Beautiful concept. Ive been toying with these and other glass beads, having made several soft hackle, Yorkshire-style spiders with bead bodies. This dovetails nicely from that.
I only hope these work on my SE USA bluegill - I suspect they will.

Another winner- thanks Martin J. for making it possible. I have bunches of these beads, and they are common as dirt.

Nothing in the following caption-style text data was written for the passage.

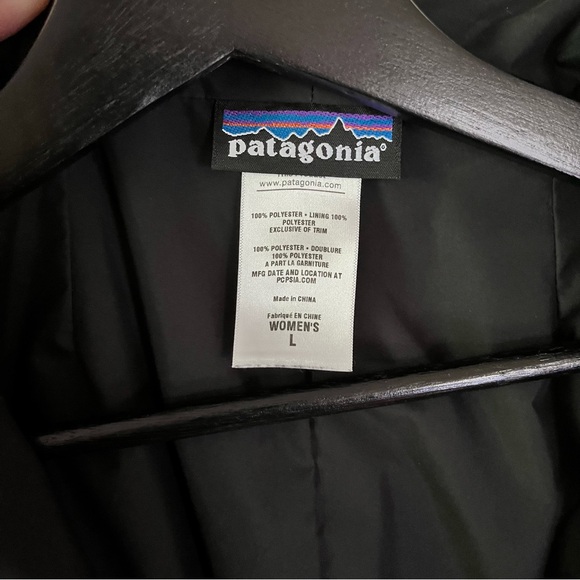 Patagonia W’s Arborist Trench Rain Coat H2no Black L - Picture 10 of 14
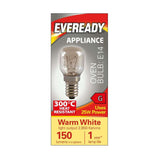 E14 (SES) Oven Bulb 25W 150lm - Warm White 2800K retail pack
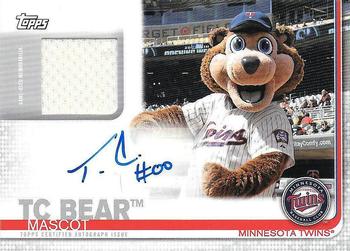 2019 Topps Opening Day - Mascot Autograph Relics #MAR-TCB TC Bear Front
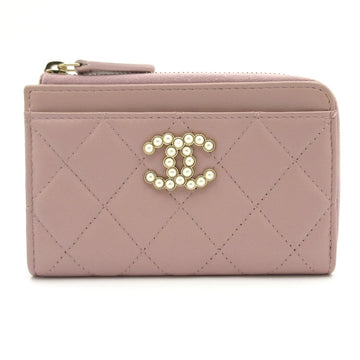 Chanel Matelasse Pink White Lambskin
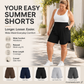 Women's Casual Wide-Leg Knee-Length Shorts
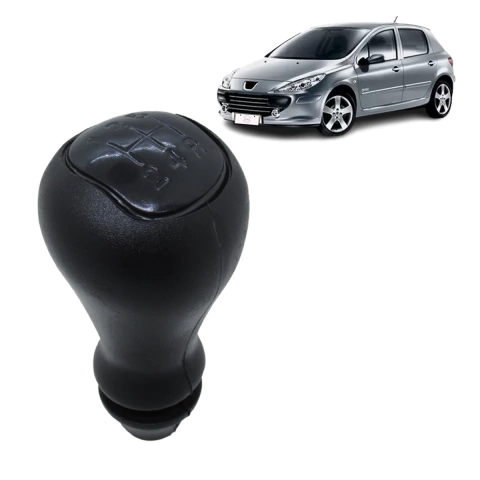 Bola Manopla Alavanca Câmbio Peugeot 307 2001-2012 Preta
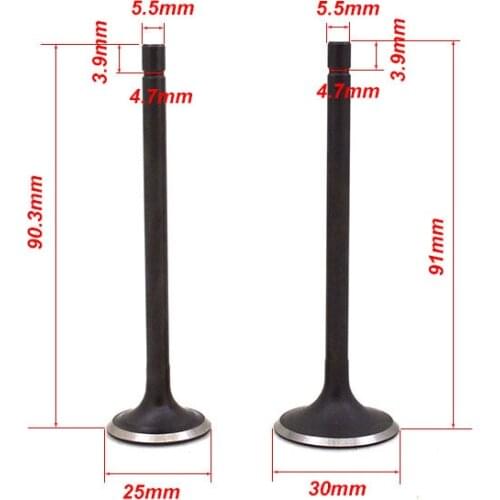 Motorcycle Engine Valve Intake Exhaust Stem Valve for Honda WY125 WY 125 CB125 CB 125 125cc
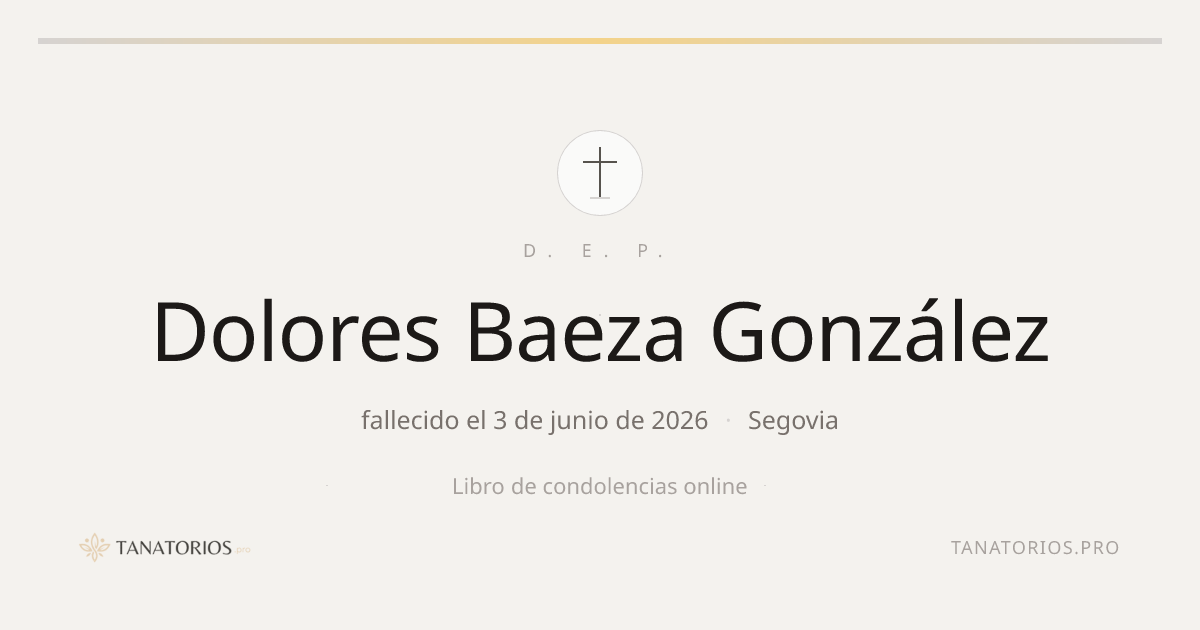 Memorial de Dolores Baeza González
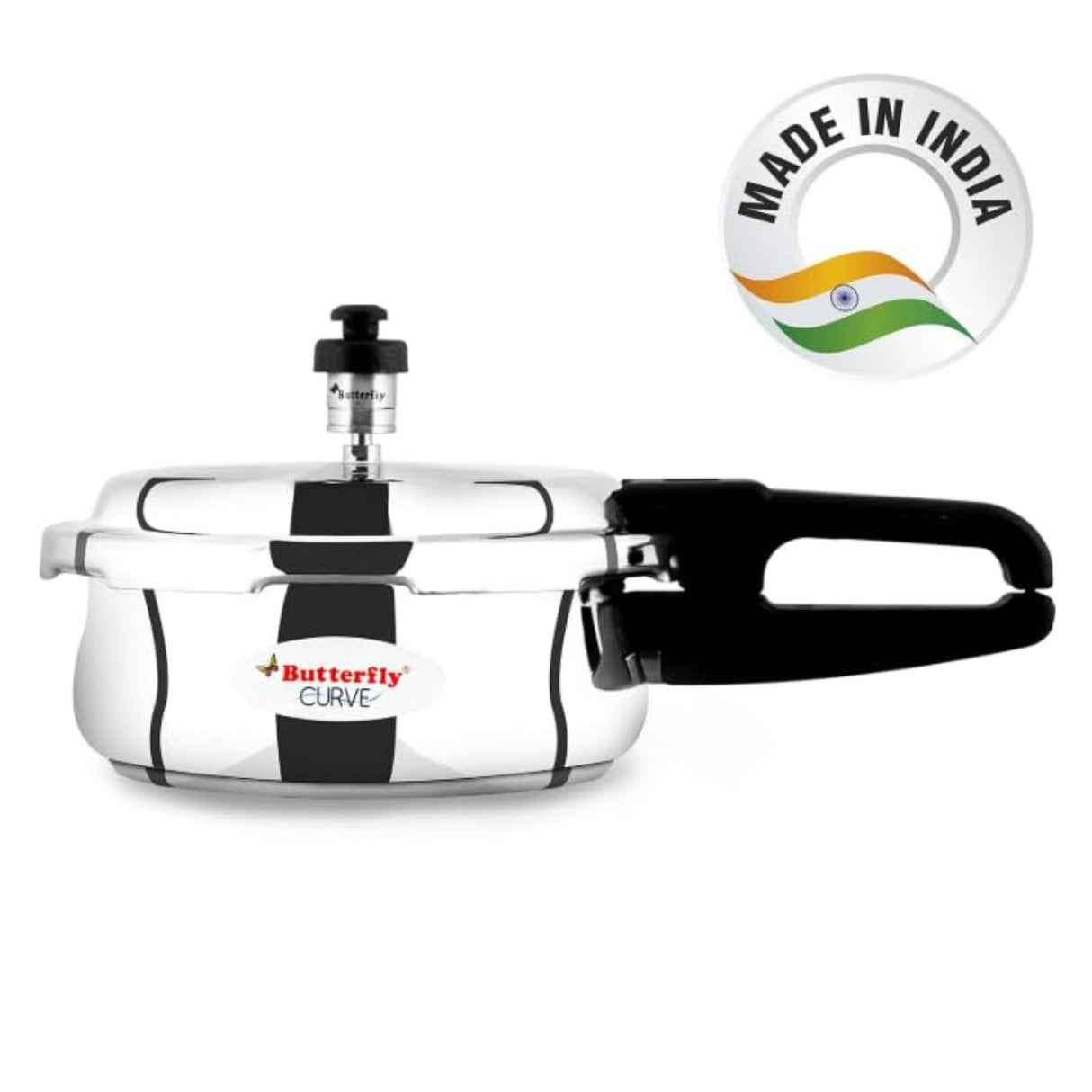 Butterfly Curve SS Pressure Cooker 2 L_2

I'd like to add they are usually seen where I buy them as 6/0 size or sometime "E."
I've experimenting with ways to use them, as well as working out a good nymph pattern for next season - now I know what I'll do.
Thank you, sir!

Martin Joergensen's picture

Cordell,

The preparation merely consist of taking of a few barbs--5-10 or so depending on the size of the fly--from one side of the feather, keeping them together as a flat band to form the back of the fly.

Martin

Will someone explain to me what is meant by a 'prepared turkey feather' from step one? Thank you

Well done Im on this pattern right now, it looks cool and a little belter. Thanks jan Johansen

Wholy smokes.....fish gobbled them, tippet and all (sucked, but alas, wadda ya gonna do)! Great pattern. Added deer hair legs, knocked 'em dead!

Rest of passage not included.